J’ai essayé longtemps d’être meilleur. Ça ne m’a servi qu’à me culpabiliser de ne l’être pas. Le comportement extérieur ne devait pas être si mal, d’ailleurs. Mais le cœur ?
Un de mes amis me dit souvent avoir été libéré par la parole d’un vieux prêtre, alors qu’il se plaignait de ne pas parvenir à être meilleur. « Tu n’es qu’un pauvre pécheur ! » Savez-vous comment je comprends ça ? Tu n’es qu’un pauvre pécheur, ça veut dire que tu n’es pas Dieu. Eh, je suis un pas-Dieu ! Est-ce que je vais accepter ça, un jour ?
« Soyez parfait comme votre Père céleste est parfait ! » Tout un programme. Impossible. On peut faire comme si.
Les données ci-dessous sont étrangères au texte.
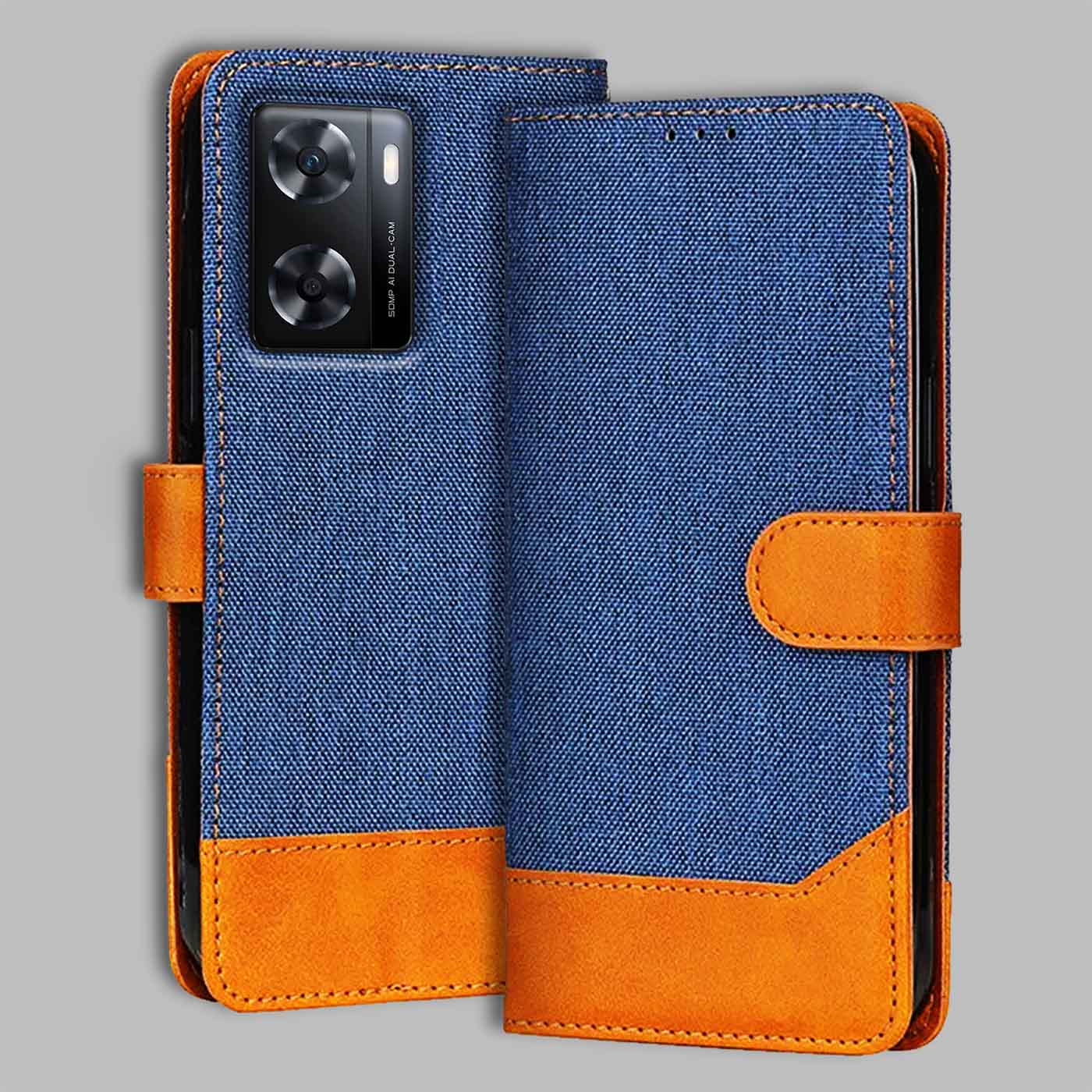 Accesorios Oppo A77S 4G denim flip cover – Blue – Image 1 #color_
Par exemple, faire des dons importants à son Alma Mater… Et exploiter ses employés en même temps… L’argent ne pousse pas dans les arbres…
Mais ce n’est pas là que je veux en venir. Nous soulignons ces jours-ci le cinquième anniversaire des attaques sur le World Trade Center. Catastrophe qui a changé l’Amérique.
Changé ? Non. L’Amérique n’a pas changé. Elle est née de la conquête d’un pays par un autre. Elle est fondée sur l’extinction presque totale des aborigènes, sur l’esclavage des Noirs, sur le travail des enfants. Et aujourd’hui, sur le travail sous–payé des immigrants illégaux, le travail des enfants dans les pays du Tiers-Monde, mondialisation oblige…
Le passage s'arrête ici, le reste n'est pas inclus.